> _Work to complete_
Only the lines from the one with "WI license plate 810OCL" through the end of the data below belong in the answer, restated word for word, pictures excluded.

> _Web page caption snippets_
----------

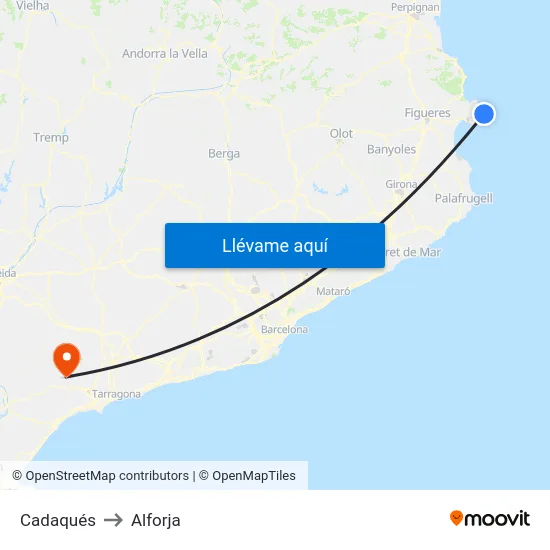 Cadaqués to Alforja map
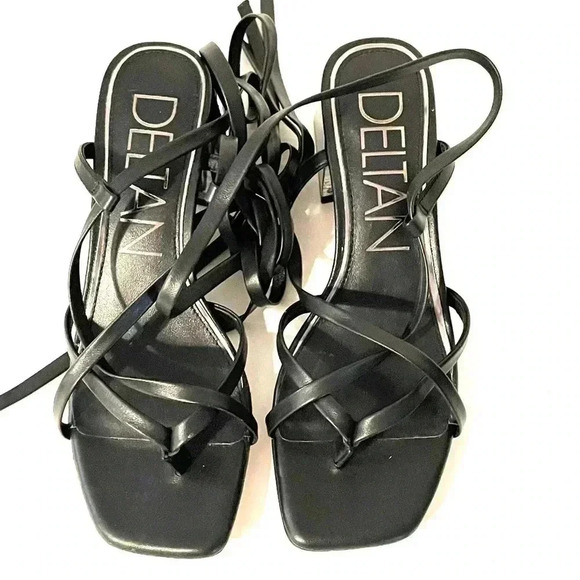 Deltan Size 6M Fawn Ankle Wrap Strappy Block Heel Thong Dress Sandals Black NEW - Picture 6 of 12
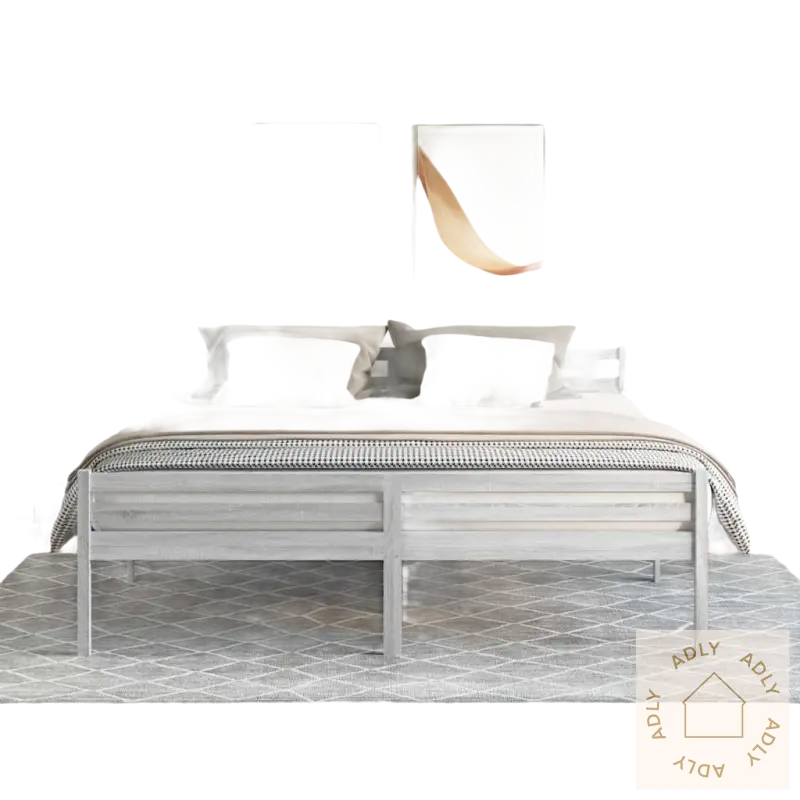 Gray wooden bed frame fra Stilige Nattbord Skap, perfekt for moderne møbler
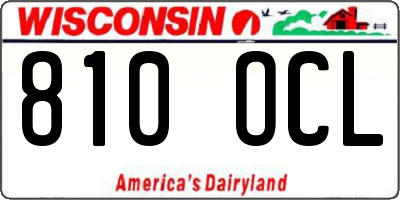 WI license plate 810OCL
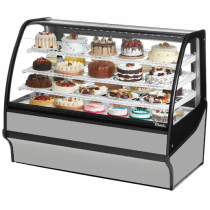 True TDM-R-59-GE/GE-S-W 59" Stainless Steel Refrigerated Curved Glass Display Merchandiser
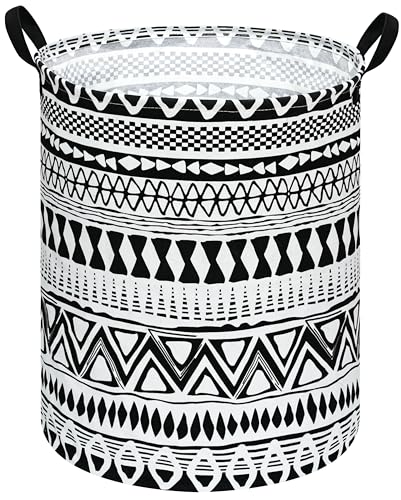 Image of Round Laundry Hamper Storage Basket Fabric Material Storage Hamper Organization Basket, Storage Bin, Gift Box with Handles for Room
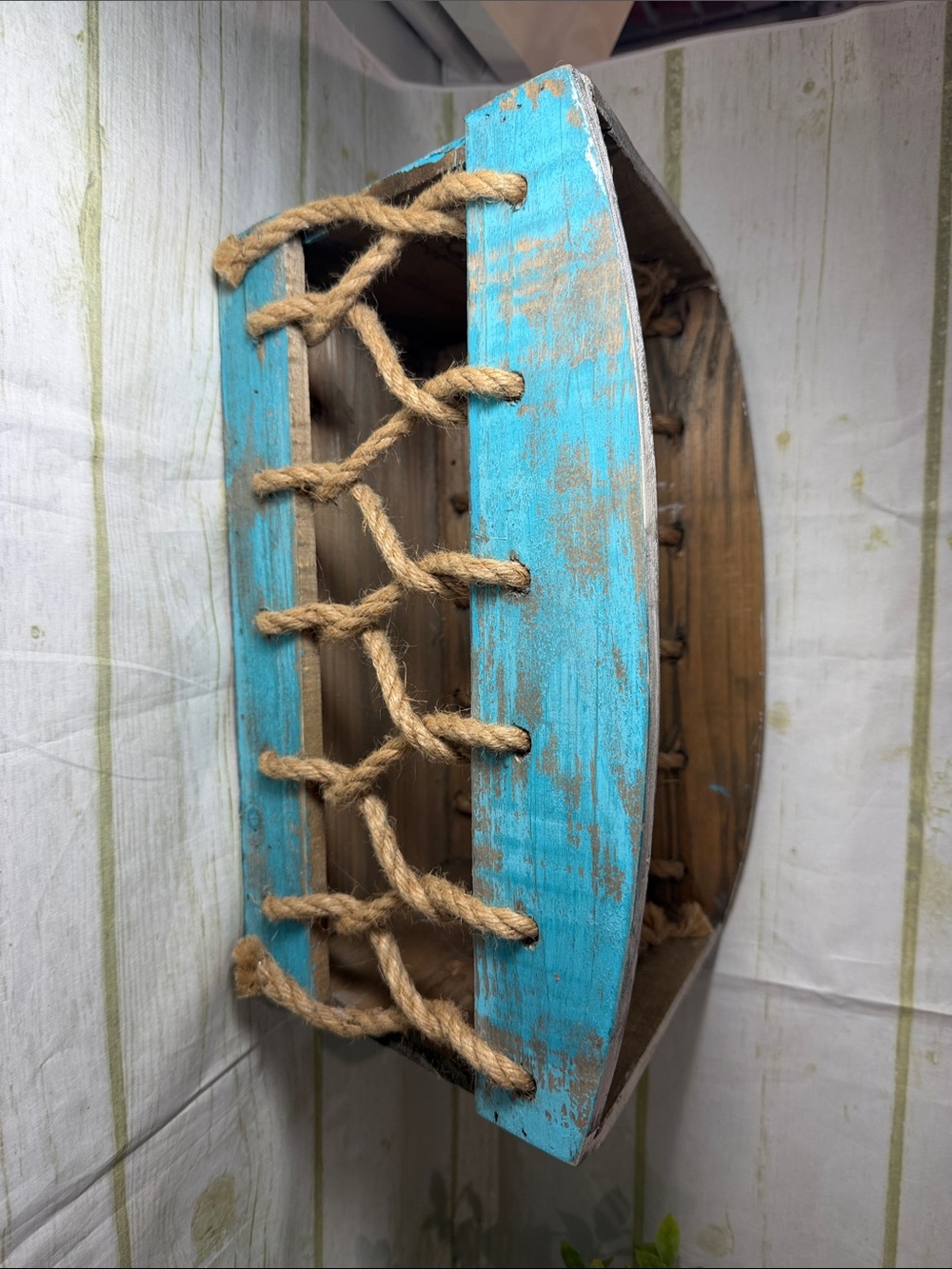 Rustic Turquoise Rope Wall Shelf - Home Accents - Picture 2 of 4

----------

> _Solution for this problem_
 WI license plate 810OCL
 True TDM-R-59-GE/GE-S-W 59" Stainless Steel Refrigerated Curved Glass Display Merchandiser
 Image of Round Laundry Hamper Storage Basket Fabric Material Storage Hamper Organization Basket, Storage Bin, Gift Box with Handles for Room
 Rustic Turquoise Rope Wall Shelf - Home Accents - Picture 2 of 4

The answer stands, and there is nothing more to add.